Children need to formed young, very young. Parents have a duty to not allow the fleshpots of Egypt ruin the taste of spiritual things in their children.
Formation cannot be started in adolescence.
May I offer some formation tips for children?
One, as early as possible, prayer daily with the children. Pray over them and bless them at night. Make sure there is a rhythm of prayer in the family. Take them to Adoration weekly with you. Also, take them to Confession regularly with you.
Two, read the lives of the saints and the Bible daily with them. Cultivate a love for their patron saints and their guardian angels.
Three, do not let them go to state controlled Catholic schools where the curriculum is not Catholic. Catholic curriculum must include all liberal art and science studies from a Catholic point of view.

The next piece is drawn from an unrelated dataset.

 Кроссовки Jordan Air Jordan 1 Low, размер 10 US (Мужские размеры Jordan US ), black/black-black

Four, train them to use the virtues given to them in baptism for a very early age. I wrote a curriculum on virtue training for pre-schoolers and early elementary students. Sadly, I do not have it with me, but a parent could develop this by using The Book of Virtues and other texts. If God allows me to ever get my notes and discs out of storage, I shall share this curriculum with you. I taught it to a group of teachers in a pe-school and grade school years ago.
Five, pay close attention to the spiritual formation of your children by spending time with them. Remember that unless the parents are the primary influence, other influences will be stronger in the formation of their thinking.

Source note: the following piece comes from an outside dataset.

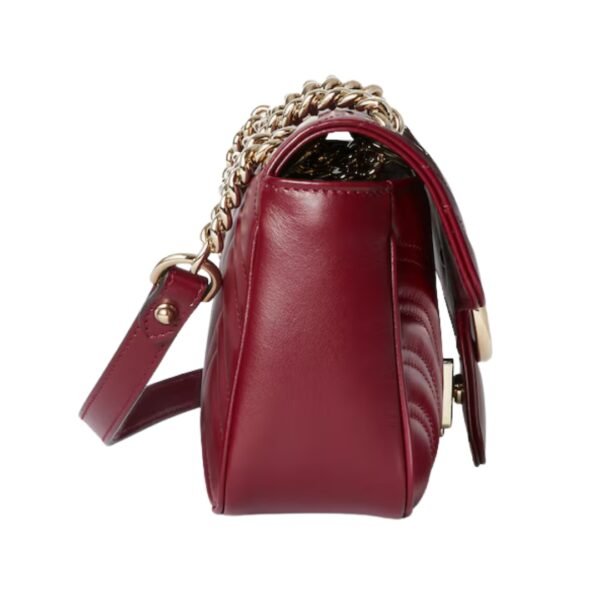 GG Marmont Mini-Schultertasche Gucci Rot 22 cm - Image 4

Six, do not let the fleshpots of Egypt ruin their taste for normal, daily liturgy. Take them to the Tridentine Mass, if possible, as the spirituality of that Mass is deeper and more challenging, which is a good thing for youth.
The boredom of youth is like the complaining of the Israelites in the desert. It is actually sinful, and reveals a jaded spirit. Parents must pray and help the young persons unravel the source of that boredom instead of pandering to it by emphasizing externals instead of internal growth.

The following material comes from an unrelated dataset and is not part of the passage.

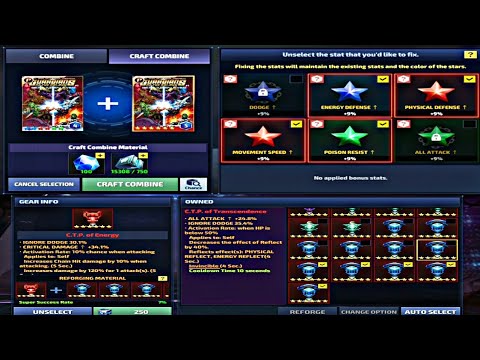 Ctp Reforge & Card Craft guide - marvel future fight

Except for the very few, the generation which came out of Egypt were forbidden by God to go into the Promised Land. They died in the desert for idolatry and murmuring against God and His prophet-leader, Moses. Their deaths provide an allegory for the death of the soul. That Joshua, a man pure of heart and full of the love of God, brought the next generation into the Promised Land reminds us that one must pursue purity of heart in order to be an excellent parent, capable of leading the children to heaven. Hard work and diligence....formation of the soul begins in the womb and cannot be delayed until adolescence.
If your child moans about boredom, talk to that child about his spirit, what he thinks he wants, and pray for discernment. Boredom is a symptom, always, of a restless soul and not a mark of a person moving in the spiritual life towards holiness.